The Journey of Tite Tiénou

By friends, colleagues, and former students
“Exactly where God wants you”
It was midnight or later when the student left the library. He looked up and saw a light in his seminary professor’s second-floor office. Going up and finding a welcome, he confessed to being at a loss as to what to do with his life. “All that I am sure of is that God loves me and he exists.” Looking him in the eye, the professor responded, “That’s exactly where God wants you.”
Today the student, Scott Moats, finds himself chief academic officer of Crown College, a Christian and Missionary Alliance school outside Minneapolis, Minnesota.
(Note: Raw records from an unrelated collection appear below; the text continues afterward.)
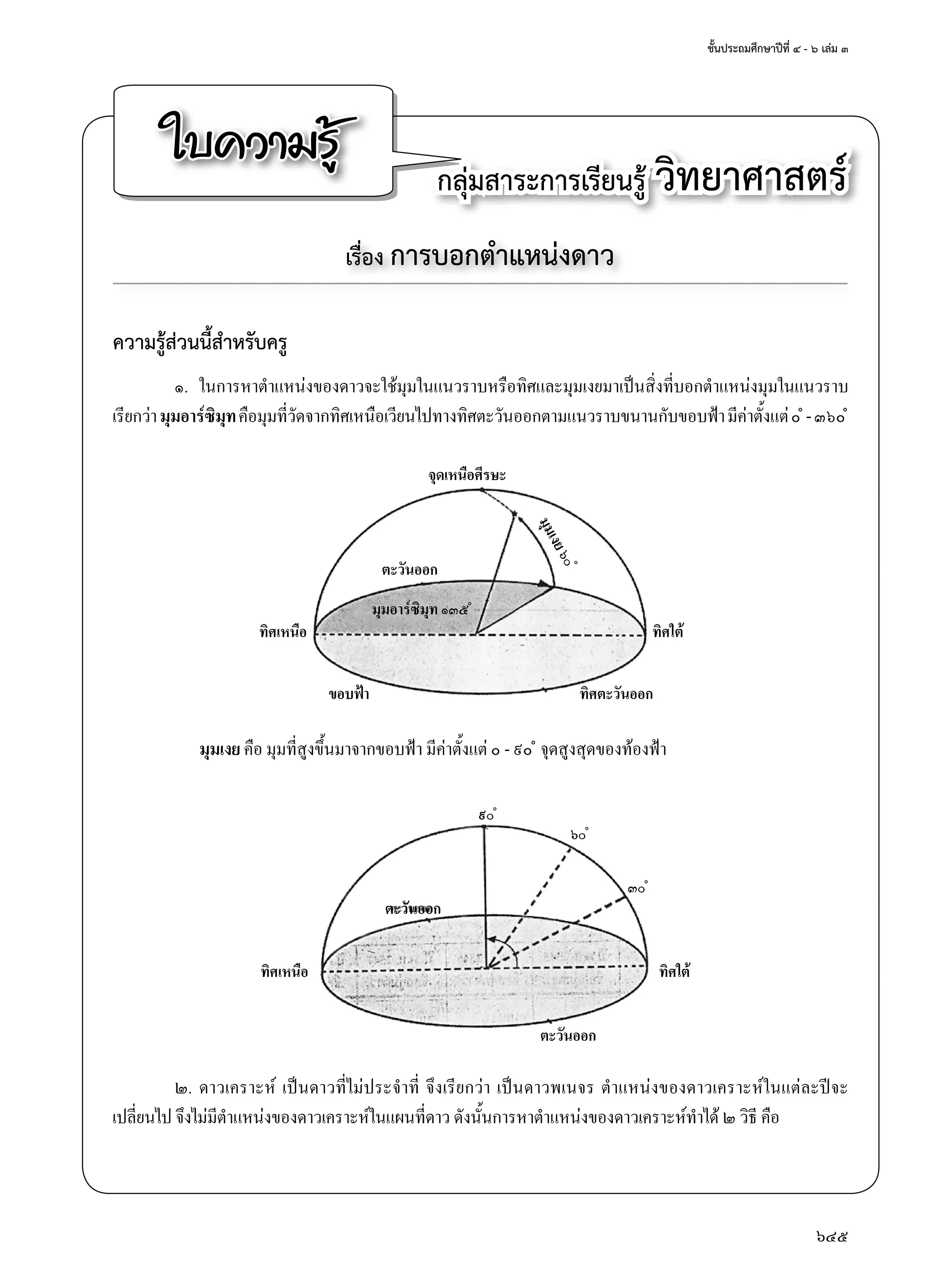 ชั้นประถมศึกษาปีที่ ๔ - ๖ เล่ม ๓
645
ใบความรู้ กลุ่มสาระการเรียนรู้ วิทยาศาสตร์
เรื่อง การบอกตำ�แหน่งดาว
ความรู้ส่วนนี้สำ�หรับครู
๑.	 ในการหาตำ�แหน่งของดาวจะใช้มุมในแนวราบหรือทิศและมุมเงยมาเป็นสิ่งที่บอกตำ�แหน่งมุมในแนวราบ
เรียกว่ามุมอาร์ซิมุทคือมุมที่วัดจากทิศเหนือเวียนไปทางทิศตะวันออกตามแนวราบขนานกับขอบฟ้ามีค่าตั้งแต่๐ ํ -๓๖๐ ํ
	 มุมเงย คือ มุมที่สูงขึ้นมาจากขอบฟ้า มีค่าตั้งแต่ ๐ - ๙๐ ํ จุดสูงสุดของท้องฟ้า
๒.	ดาวเคราะห์ เป็นดาวที่ไม่ประจำ�ที่ จึงเรียกว่า เป็นดาวพเนจร ตำ�แหน่งของดาวเคราะห์ในแต่ละปีจะ
เปลี่ยนไป จึงไม่มีตำ�แหน่งของดาวเคราะห์ในแผนที่ดาว ดังนั้นการหาตำ�แหน่งของดาวเคราะห์ทำ�ได้ ๒ วิธี คือ
จุดเหนือศีรษะ
มุมเงย๖๐ํ
มุมอาร์ซิมุท ๑๓๕ ํ
ทิศเหนือ ทิศใต้
ทิศตะวันออกขอบฟ้า
ตะวันออก
ทิศเหนือ
ตะวันออก
ทิศใต้
๙๐ ํ
๖๐ ํ
๓๐ ํ
ตะวันออก
 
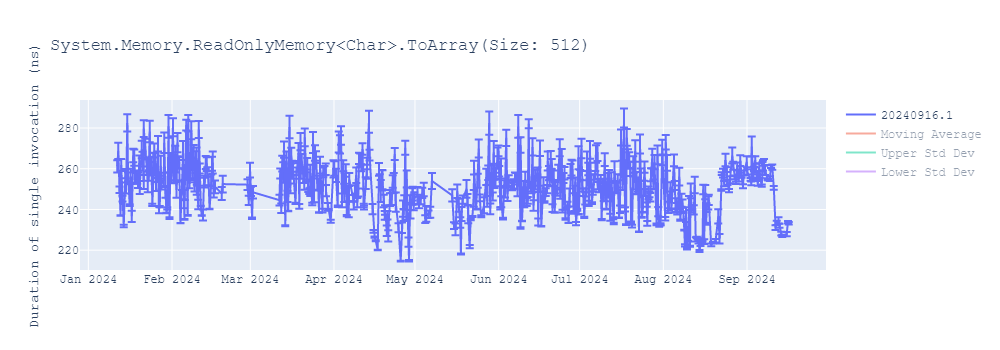 graph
On that midnight hour in 1986, it was Professor Tite Tiénou who assured Moats of the primary importance of his spiritual foundation. Tiénou taught theology and missiology at the Christian and Missionary Alliance (C&MA) seminary, in Nyack, New York. Being “exactly where God wants you” involves both spiritual foundation and year-by-year leading. Tiénou found his spiritual foundation in his pastor-father’s home in Burkina Faso, West Africa; his career path was to involve eight major moves and three continents.
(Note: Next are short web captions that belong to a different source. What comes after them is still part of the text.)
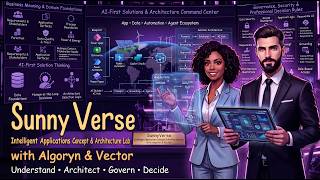 AB-410 M03 | Microsoft Dataverse Tables, Relationships & Security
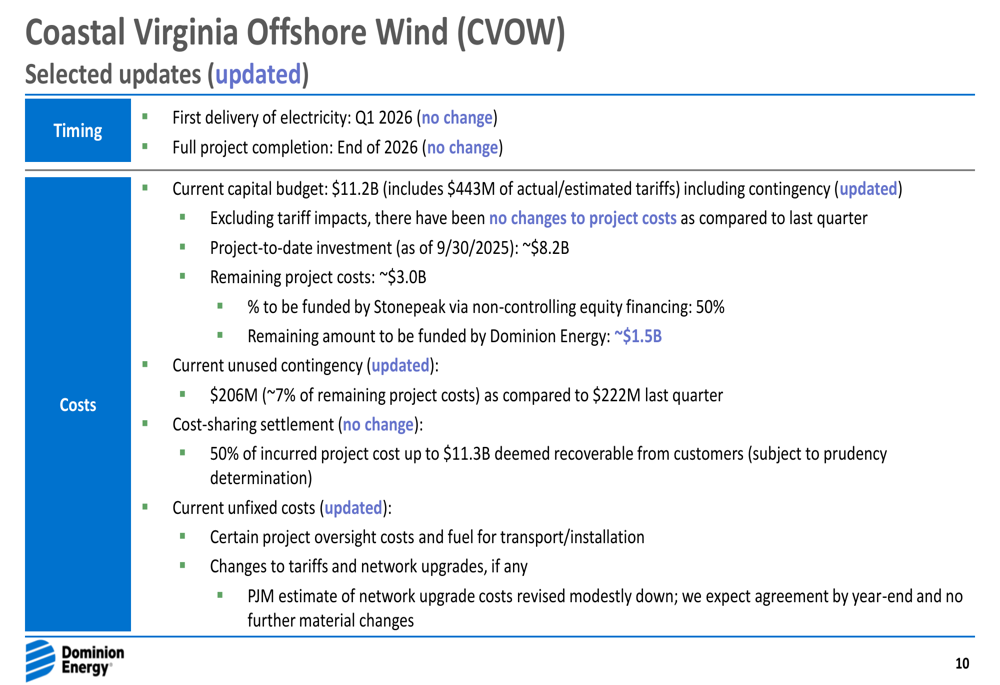 Dominion Energy Q3 2025 slides: Narrows guidance as offshore wind ...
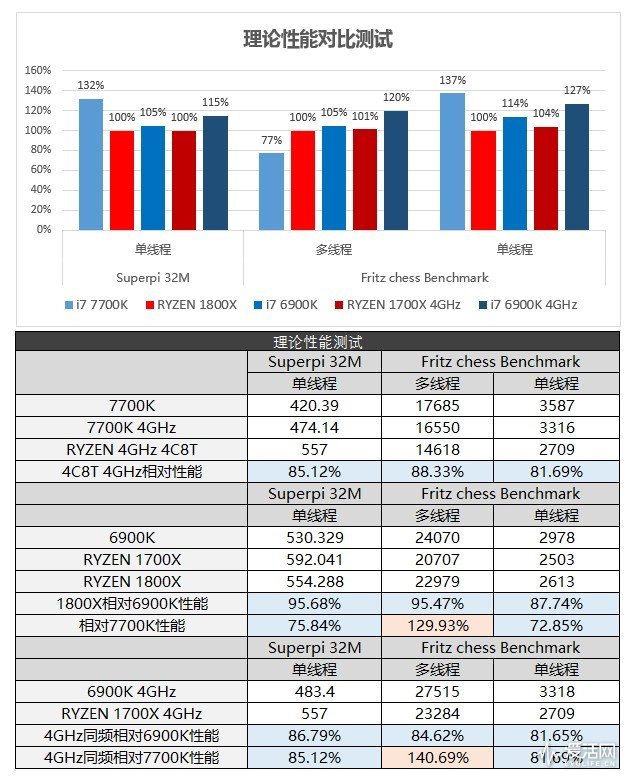 amd处理器锐龙出了几代了,amd什么时候有新款核显cpu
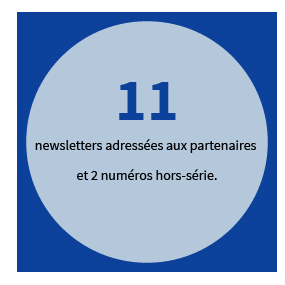 11 newsletters adressées aux partenaires et 2 numéros hors-série.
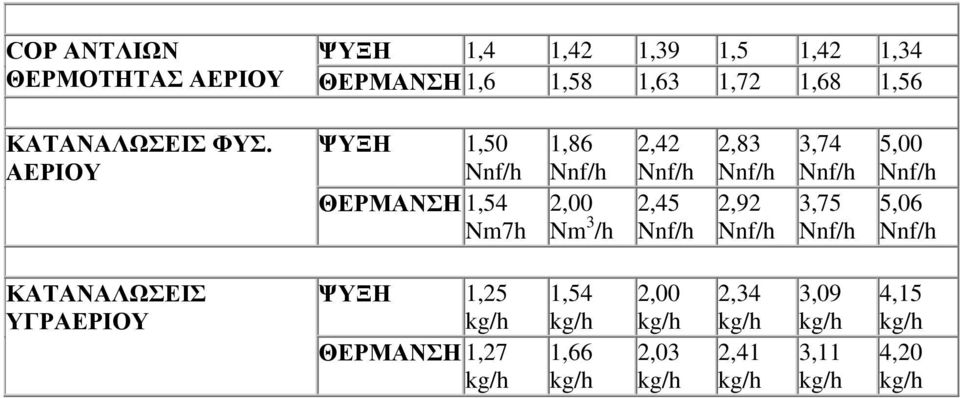 ΑΕΡΙΟΥ ΨΥΞΗ 1,50 Nnf/h ΘΕΡΜΑΝΣΗ 1,54 Nm7h 1,86 Nnf/h 2,00 Nm 3 /h 2,42 Nnf/h 2,45 Nnf/h 2,83 Nnf/h 2,92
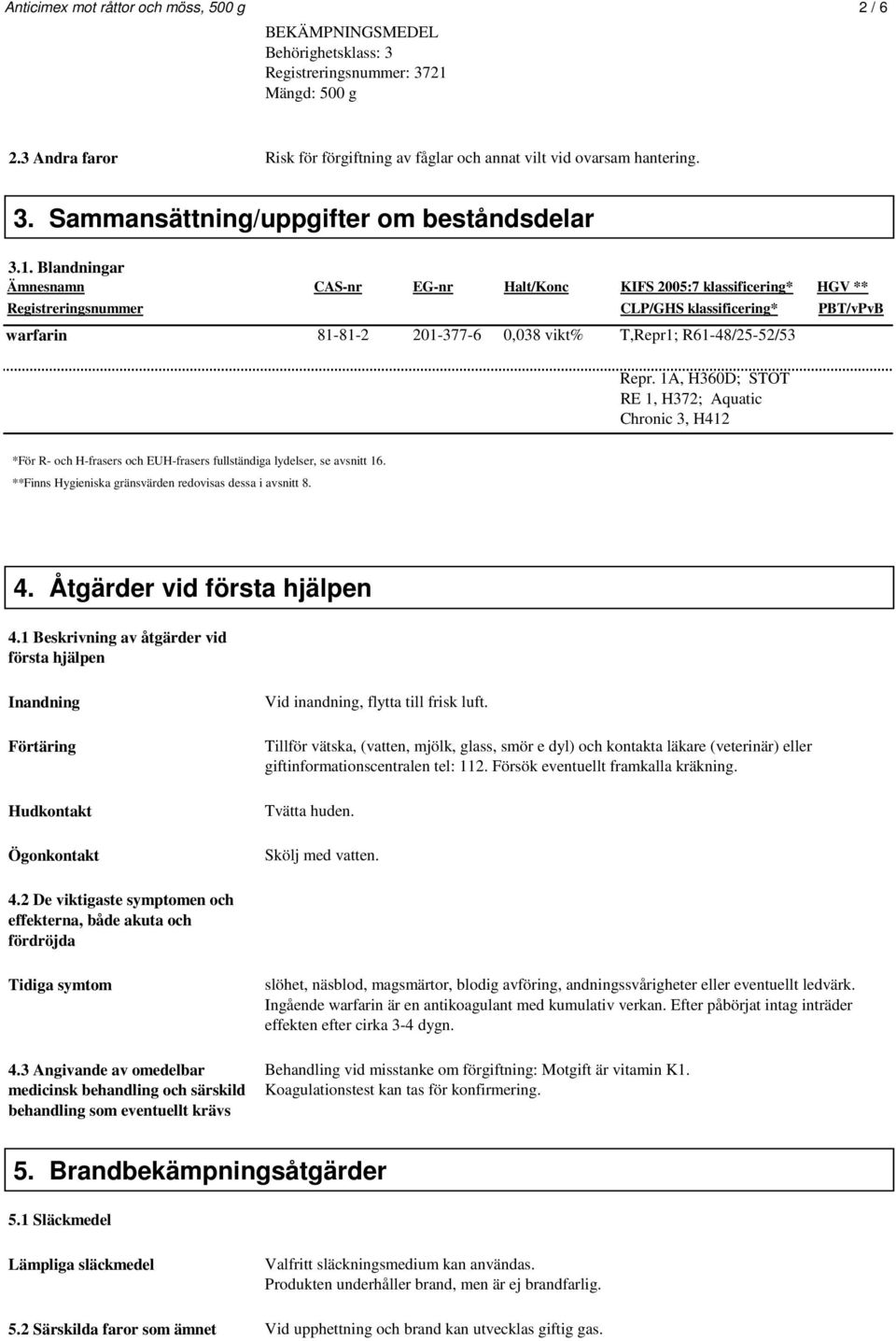 Blandningar Ämnesnamn CAS-nr EG-nr Halt/Konc KIFS 2005:7 klassificering* HGV ** Registreringsnummer CLP/GHS klassificering* PBT/vPvB warfarin 81-81-2 201-377-6 0,038 vikt% T,Repr1; R61-48/25-52/53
Tite Tiénou was born January 16, 1949, in Sanekuy, Mali, then a part of French West Africa. A Muslim-majority nation, Mali wasn’t always welcoming. So in Tite’s early years the family relocated to the other side of the border, in Burkina Faso (formerly Upper Volta). The American missionaries in Bobo-Dioulasso, a city of nearly a half million, used the English “Titus” while the locals preferred “Tite,” the French version. Tite’s pastor-father, Pierre—who was actually his step-father, his father having died of a snake bite when Tite was very young—made sure that his children had nothing to do with Bobo culture, beliefs, and practices. The family viewed the wider community as rooted in African idolatry.
The Christian grade school that the Tiénou children attended, founded by the C&MA, was back on the other side of the border, in Mali. A newly arrived missionary, Milton Pierce, who relied on Pierre Tiénou for language mentoring, remembers helping a group of youngsters get to school in the rainy season. On one occasion the missionary’s car got only so far before the road turned to a waterway. Pierce reports, “We had no choice but to let the boys finish their journey by foot. They put their few belongings on their heads and, wending their way up to their waists in the water, disappeared into the distance.” Tite was eleven years old.
Following grade school, Tite attended the Cours Normal Protestant school in Daloa, Côte d’Ivoire (Ivory Coast), and then the Lycée Ouzzin Coulibaly, in Bobo-Dioulasso, back in Burkina Fasso. His family lived some distance away, so missionary Pierce rented for Tite a one-room dwelling in the city. It was equipped with a kerosene lamp, a simple table and stool, and a bamboo bed with a hard mattress. Tite distinguished himself by winning prizes for academic excellence, all the while learning English from the Pierces.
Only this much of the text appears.